Looking at a post by Lexington concerning the decline of Fourth Amendment protections in this country as a result of the war on terror, war on drugs or war on (insert cause name here) this leaps out:

Part of the damage is done by the habit of police everywhere to cut corners and stretch their prerogatives. But the Supreme Court has played a part, too. To take just one of Mr Shipler’s examples, the police must still usually show “probable cause” if they want a warrant to search a house. But for street encounters in which there is even the slightest possibility of danger to life, the court has over time substituted the woollier “reasonable grounds” or “reasonable suspicion”, thereby giving officers on the beat a latitude they are delighted to exploit. Most street pat-downs are never recorded, scrutinised by a prosecutor, challenged by a lawyer or adjudicated by a judge. Yet, says Mr Shipler, they weaken the fourth amendment and poison life on the street in a thousand poor neighbourhoods in America.

Emphasis mine.

What's terrible is that in just a week or so since this was published, the idea that police must show probable cause to enter your home has become sadly quaint.

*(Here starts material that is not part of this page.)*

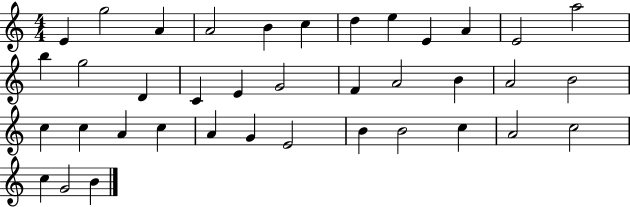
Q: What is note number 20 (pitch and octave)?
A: A4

Consider this ruling from the Indiana Supreme Court that citizens have no right to resist police officers that are entering their homes illegally:

In a 3-2 decision, Justice Steven David writing for the court said if a police officer wants to enter a home for any reason or no reason at all, a homeowner cannot do anything to block the officer's entry.

"We believe ... a right to resist an unlawful police entry into a home is against public policy and is incompatible with modern Fourth Amendment jurisprudence," David said. "We also find that allowing resistance unnecessarily escalates the level of violence and therefore the risk of injuries to all parties involved without preventing the arrest."
David said a person arrested following an unlawful entry by police still can be released on bail and has plenty of opportunities to protest the illegal entry through the court system.

It's quite fair to say, as the article does, that this is a reversal of common law dating back to the Magna Carta.

Unfortunately, this isn't limited to the states. In an 8-1 decision, the Supreme Court recently ruled that police can kick in your door if they hear sounds suggesting you might be destroying evidence:

It began when police in Lexington, Ky., were following a suspect who allegedly had sold crack cocaine to an informer and then walked into an apartment building. They did not see which apartment he entered, but when they smelled marijuana smoke come from one of the apartments, they wrongly assumed he had gone into that one. They pounded on the door and called "Police. Police. Police," and heard the sounds of people moving.

At this, the officers announced they were coming in, and they broke down the door. They found Hollis King smoking marijuana, and put him under arrest. They also found powder cocaine. King was convicted of drug trafficking and sentenced to 11 years in prison.

Anyone else think that police are going to start smelling pot an awful lot more frequently?